And the Baby-Bunting, trembling with excitement at being in the company of so many highly-varnished electric victorias and forty horse-power auto-cars, joined the steadily-flowing stream going west.
“I wonder that you stoop to petrol, Professor,” I said, as the thin, skillful hand in the baggy chamois 265glove manipulated the driving-wheel, and the little car snaked in and out like a torpedo-boat picking her way between the giant warships of a Channel Squadron.
The Professor’s black brows unbent under the cap-peak, and his thin, tightly-gripped lips relaxed into a mirthless smile.
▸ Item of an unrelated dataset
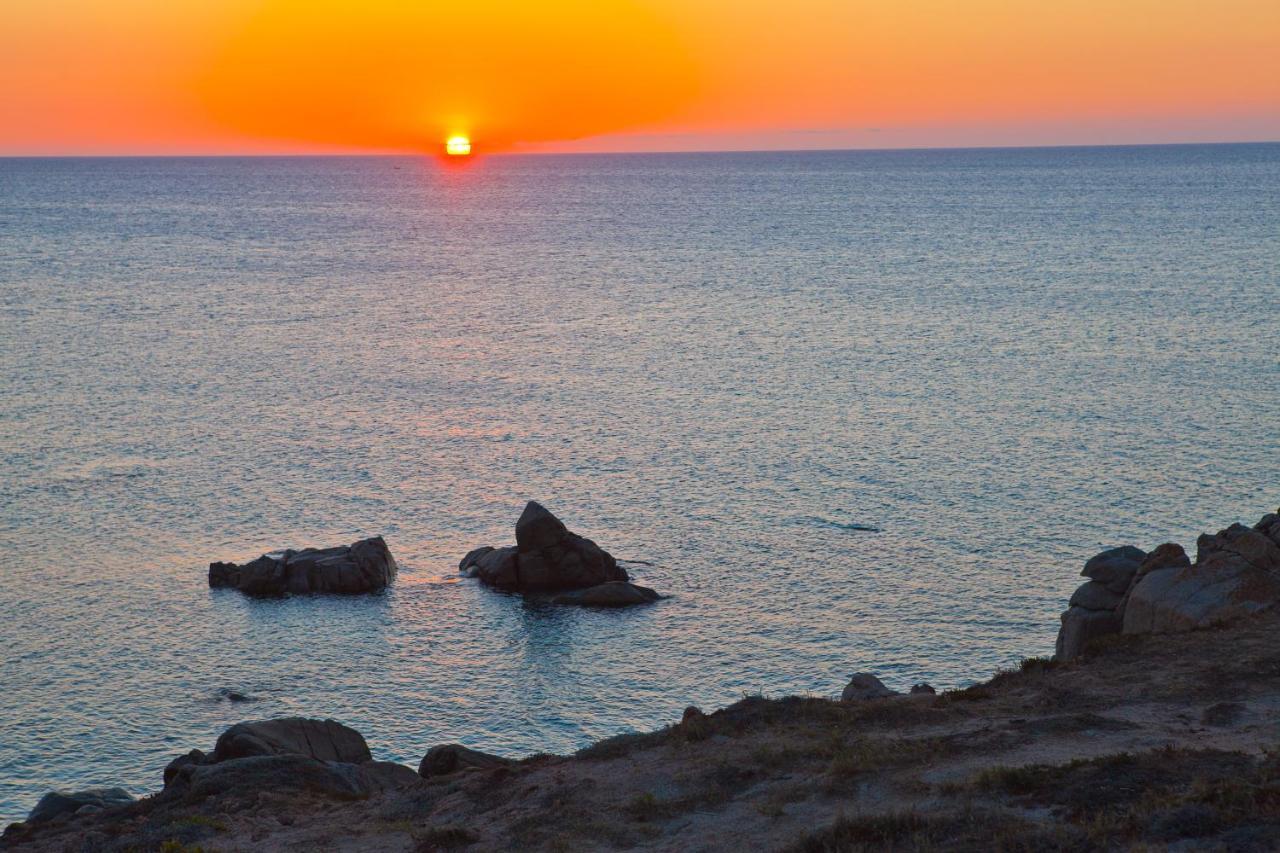 Club Esse Gallura อาเญ็นตู ภายนอก รูปภาพ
“Ah, yes; you think that I should drive my car by radio-activity, is it not? And so I could—and would, if the pure radium chloride were not three thousand times the price of gold. From eight tons of uranium ore residues about one gramme—that is fifteen grains—can be extracted by fusing the residue with carbonates of soda, dissolving in hydrochloric acid, precipitating the lead and other metals in solution by the aid of hydrogen-sulphide, and separating from the chlorides that remain—polonium, actinium, barium, and so forth—the chloride of radium. With a single pound of this I could not only drive an auto-car, my friend”—his olive cheek warmed, and his melancholy dark eyes grew oddly lustrous—“I could stop the world!”
“And supposing it was necessary to make it go on again?” I suggested.
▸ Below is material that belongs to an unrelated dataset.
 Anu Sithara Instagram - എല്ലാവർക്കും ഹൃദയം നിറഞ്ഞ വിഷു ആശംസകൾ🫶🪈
“When I speak of the world,” exclaimed the Professor, “I do not refer to the planet upon which we revolve; I speak of the human race which inhabits it.”
“Would the human race be obliged to you, Professor?” I queried.
The Professor turned upon me with so sudden a verbal riposte that the Baby-Bunting swerved violently.
“You are not as young as you were when I met you first. To be plain, you are getting middle-aged. Do you like it?”
“I hate it!” I answered, with beautiful sincerity.
“Would you thank the man who should arrest, not the beneficent passage of Time, which means progress, but the wear and tear of nerve and muscle, tissue, and 266bone, the slow deterioration of the blood by the microbes of old age, for Metchnikoff has shown that there is no difference between the atrophy of senility and the atrophy caused by microbe poison? Would you thank him—the man who should do that for you? Tell me, my friend.”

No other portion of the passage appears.